— INSTRUCTIONS FOR THE TASK —
Everything in the data below is left aside except the lines from the one containing "Halfling Hawai Hula" through the one containing "Baby girl Easter"; repeat those exactly.

— SOURCE INFORMATION —
Start of Block

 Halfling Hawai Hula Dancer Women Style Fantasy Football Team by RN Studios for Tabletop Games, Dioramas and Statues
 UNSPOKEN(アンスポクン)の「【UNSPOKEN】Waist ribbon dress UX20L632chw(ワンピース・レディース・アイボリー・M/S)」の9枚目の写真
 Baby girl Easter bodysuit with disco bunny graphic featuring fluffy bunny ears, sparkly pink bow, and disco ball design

End of Block
Start of Block

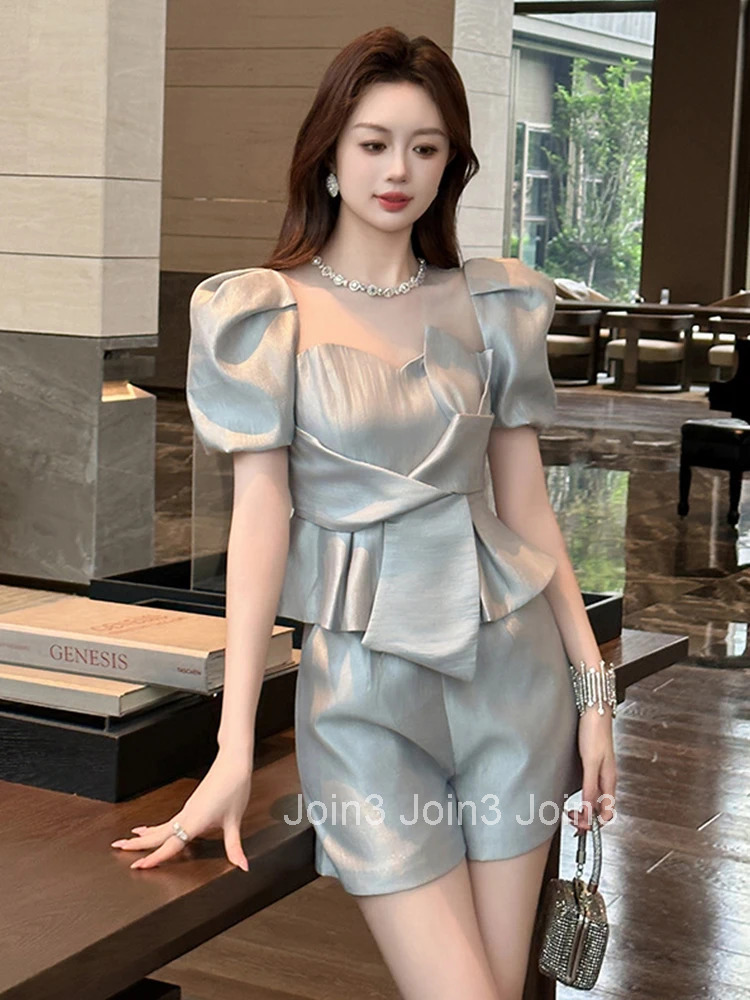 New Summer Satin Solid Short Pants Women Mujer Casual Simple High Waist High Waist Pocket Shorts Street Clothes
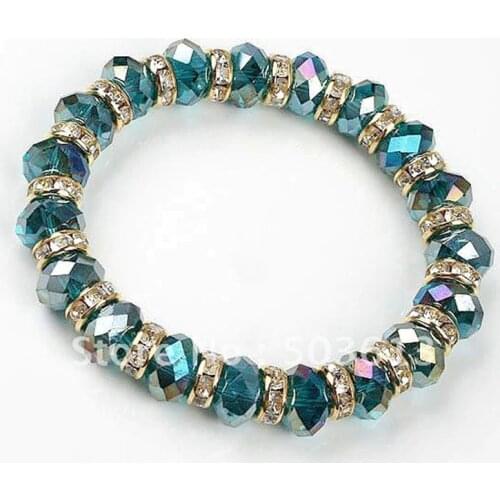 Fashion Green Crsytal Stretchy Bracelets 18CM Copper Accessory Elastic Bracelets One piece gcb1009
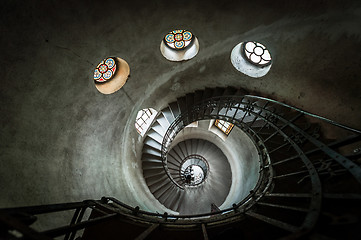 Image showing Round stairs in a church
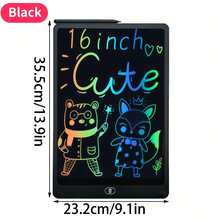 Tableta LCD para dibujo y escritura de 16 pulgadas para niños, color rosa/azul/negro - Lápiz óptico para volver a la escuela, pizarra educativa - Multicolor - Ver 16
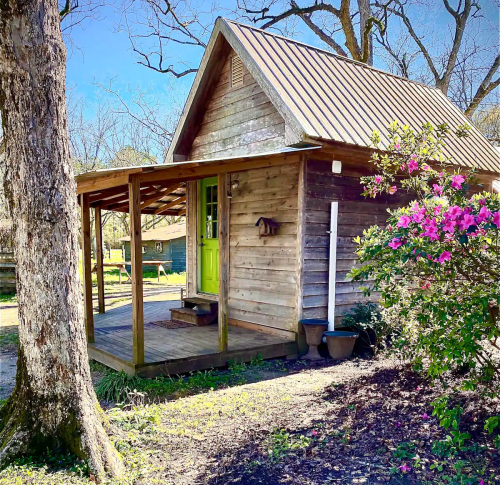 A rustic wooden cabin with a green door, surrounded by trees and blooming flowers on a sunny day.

End of Block
Start of Block

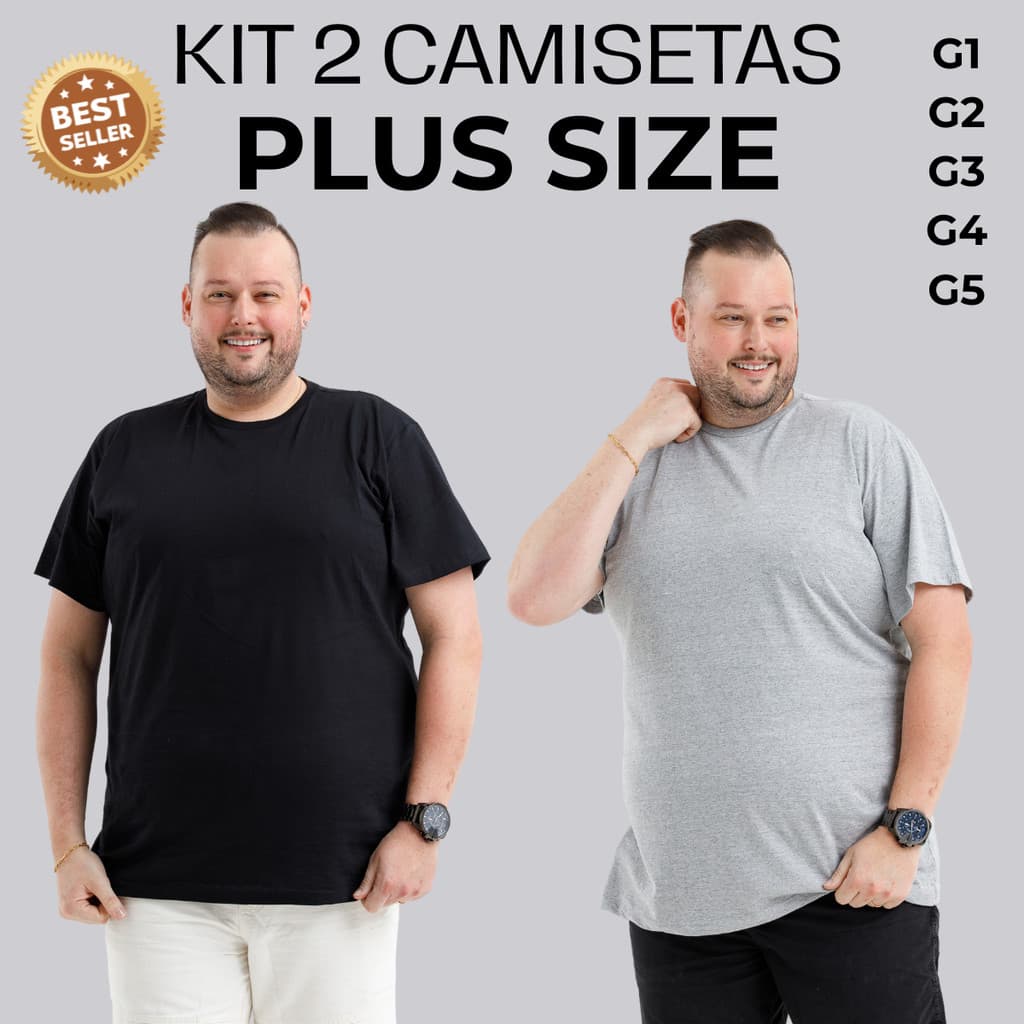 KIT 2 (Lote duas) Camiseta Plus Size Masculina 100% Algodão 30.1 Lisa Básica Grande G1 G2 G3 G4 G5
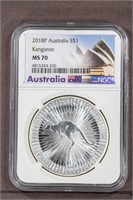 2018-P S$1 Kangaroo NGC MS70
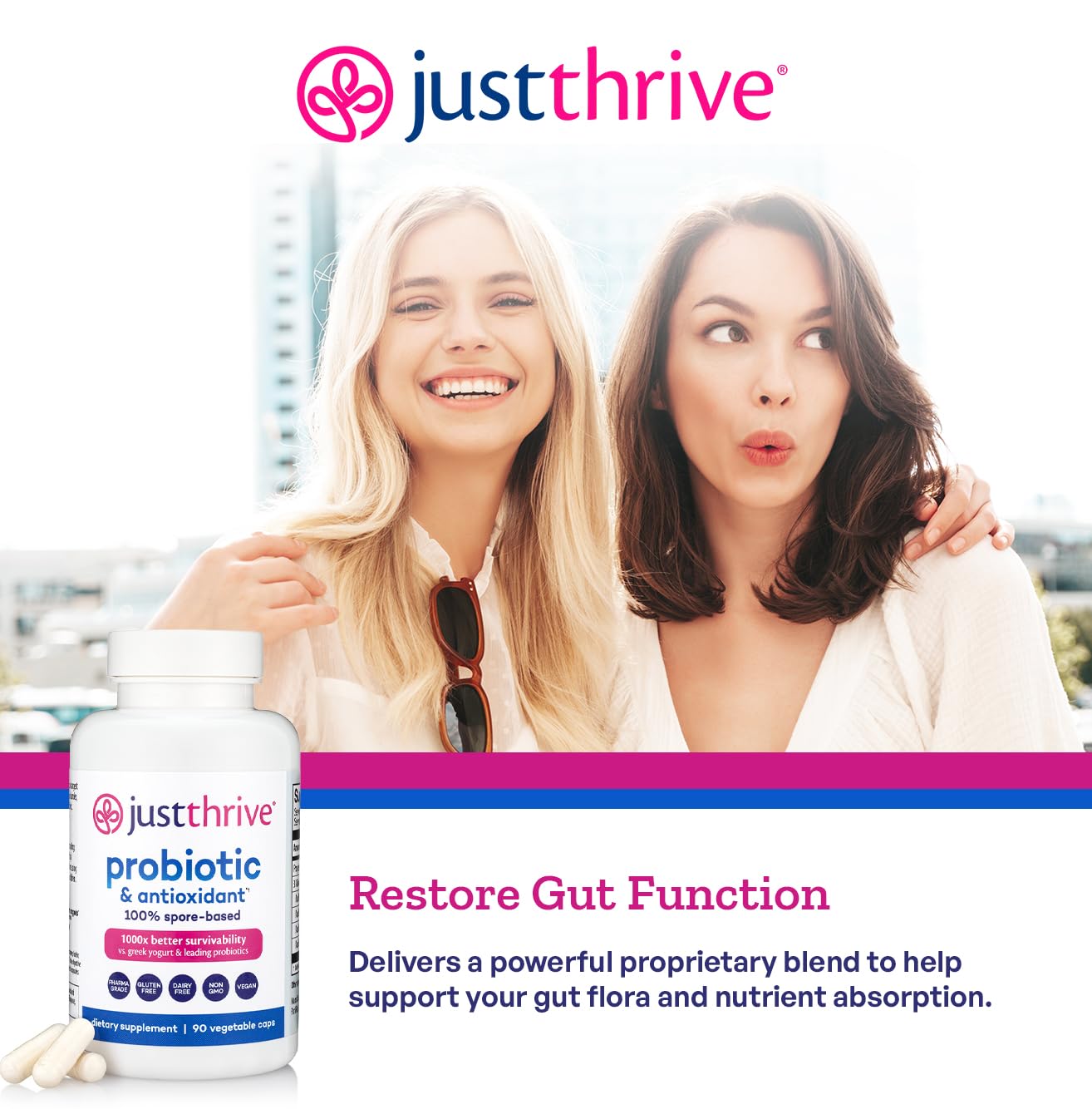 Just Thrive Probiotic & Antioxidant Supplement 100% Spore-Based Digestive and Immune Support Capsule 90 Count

End of Block

— COMPLETED EXERCISE —
 Halfling Hawai Hula Dancer Women Style Fantasy Football Team by RN Studios for Tabletop Games, Dioramas and Statues
 UNSPOKEN(アンスポクン)の「【UNSPOKEN】Waist ribbon dress UX20L632chw(ワンピース・レディース・アイボリー・M/S)」の9枚目の写真
 Baby girl Easter bodysuit with disco bunny graphic featuring fluffy bunny ears, sparkly pink bow, and disco ball design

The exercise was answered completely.